The Top of The World is Melting
The Arctic permafrost is melting, releasing vast amounts of greenhouse gases. The world now has to rethink how it tackles climate change.
CHARLES Miller rides plumes of greenhouse gases ”like a roller-coaster” at the top of the world. The NASA scientist is one of a handful of researchers taking part in a remarkable experiment that few people have heard of, but which could prove to be one of the most crucial pieces of scientific field work so far this century.
For now, the findings are under wraps. ”But I think ‘tantalising’ is probably the right word,” he says.
Miller’s mission has fresh urgency in light of a new report that was due to be released on Tuesday night at the UN climate change negotiations in Doha, Qatar.
The Arctic permafrost is thawing. Ancient forests locked under ice tens of thousands of years ago are beginning to melt and rot, releasing vast amounts of greenhouse gases, according to the report, Policy Implications of Warming Permafrost.
While countries the size of Australia tally up their greenhouse emissions in hundreds of millions of tonnes, the Arctic’s stores are measured in the tens of billions of tonnes.
Human emissions now appear to have warmed the Arctic enough to unlock this vast carbon bank, with stark implications for international efforts to hold global warming to a safe level.
This is a ”tipping point” – a scenario predicted by scientists where the climate becomes trapped in a vicious cycle of warming. That process now seems to be starting.

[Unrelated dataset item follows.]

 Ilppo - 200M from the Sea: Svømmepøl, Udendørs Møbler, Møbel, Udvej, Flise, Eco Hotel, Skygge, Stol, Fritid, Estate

”The permafrost carbon feedback is irreversible on human time scales,” the report says. ”Overall, these observations indicate that large-scale thawing of permafrost may already have started.”
It estimates the greenhouse gases leaking from the Arctic will eventually add more to emissions than last year’s combined carbon output of the US and Europe – which means current global plans to hold climate change to an average 2-degree temperature rise this century are now likely to be wrong.